Tous les ans, 500,000 femmes dans le monde succombent au cancer du sein. Un chiffre trop élevé, que l’on doit s’attacher à réduire. Mais comment faire ? Le dépistage organisé du cancer du sein est la réponse sociétale primordiale à ce taux de mortalité élevé, réponse qui, selon une étude publiée en septembre 2020 dans le journal European Radiology, cherche à trouver “l’équilibre entre les bénéfices, les dommages, et les coûts pour la société” (Rodriguez-Ruiz et al.). Bien que depuis son instauration en 1994, le dépistage national français se soit montré efficace, de nombreux axes d’amélioration nécessaires—que nous avons explorés dans un article précédent—sont apparents dans la vie de tous les jours des praticiens. Ce sont eux, médecins et patients, qui sont en première ligne.

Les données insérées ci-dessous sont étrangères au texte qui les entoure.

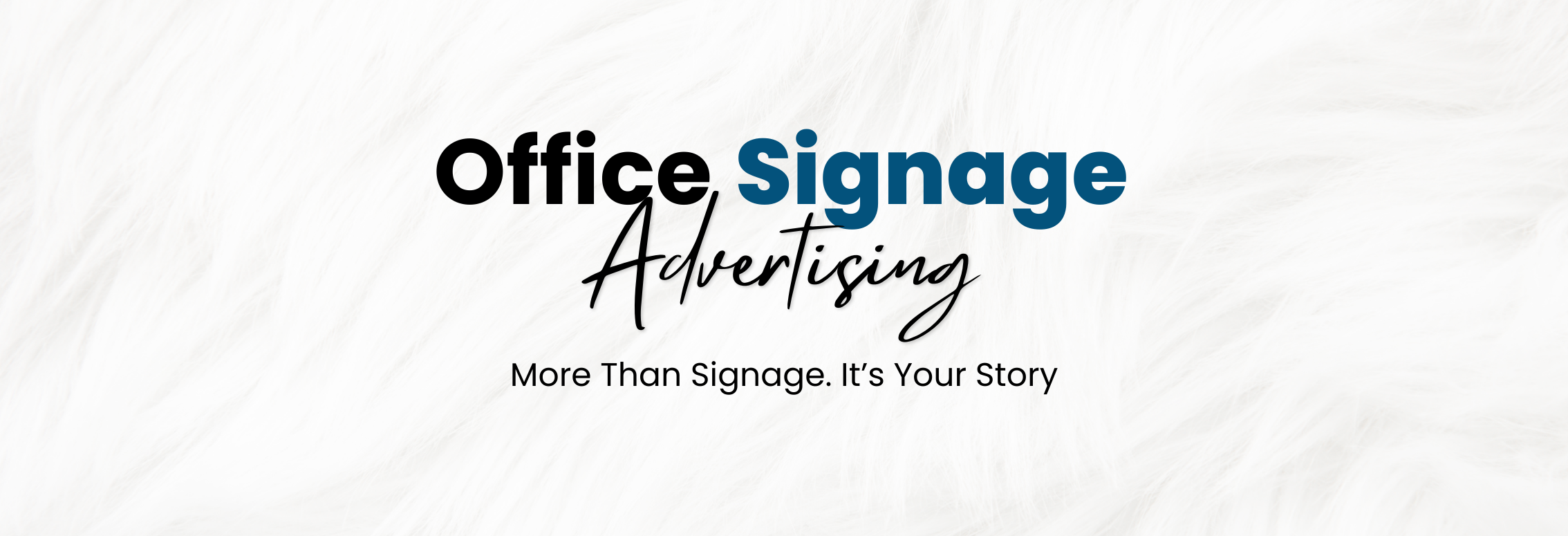 Office Signage Shah Alam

La démographie croissante et vieillissante face à une population de radiologues constante, fait du dépistage en double lecture un facteur aggravant de la charge de travail des radiologues, soumis à des cadences de lecture parfois dangereuses. Selon une étude publiée en 2018 dans la prestigieuse revue Radiology, jusqu’à 25% des cancers visibles sur la mammographie ne sont pas dépistés à cause de la fatigue et du manque de concentration. Le surmenage contribue également aux fausses alertes, induisant anxiété et rejet parfois même du dépistage par les femmes concernées.
Les enjeux sont donc majeurs, mais il y a des solutions. Grâce aux avancées exponentielles, ces dernières années, de la technologie et de la puissance de calcul informatique, “la nouvelle intelligence artificielle [le deep learning] peut transformer la performance des radiologues”, là ou le CAD (Computer Aided Diagnostic) traditionnel avait échoué (Rodriguez-Ruiz et al.). L’IA, en tant qu’aide au diagnostic, complémente et augmente les capacités du radiologue, lui donnant réassurance et rapidité ainsi qu’un filet de sécurité.
Quelles sont alors les promesses portées par cette révolution technologique ?
L’IA contre le cancer de l’intervalle
Les cancers de l’intervalle—cancers qui se développent dans le laps de temps entre deux sessions de dépistage—représentent près de 20% des cancers du sein, et ont un pronostic, en moyenne, moins favorable que les cancers dépistés. Ce sont des cancers souvent agressifs d’évolution rapide, échappant au dépistage. Mais il existe aussi des “faux” cancers de l’intervalle, ou plutôt des cancers qui, bien qu’étant visibles sur la mammographie lors du premier examen, n’ont pas été arrêtés par les radiologues. Parfois, la tumeur était visible mais paraissait bénigne; parfois, le cliché était de mauvaise qualité, ou parfois encore, les radiologues surmenés n’ont simplement pas vu la lésion subtile. L’IA, grâce à sa précision même dans les cas les plus opaques, peut aider à rattraper ces erreurs.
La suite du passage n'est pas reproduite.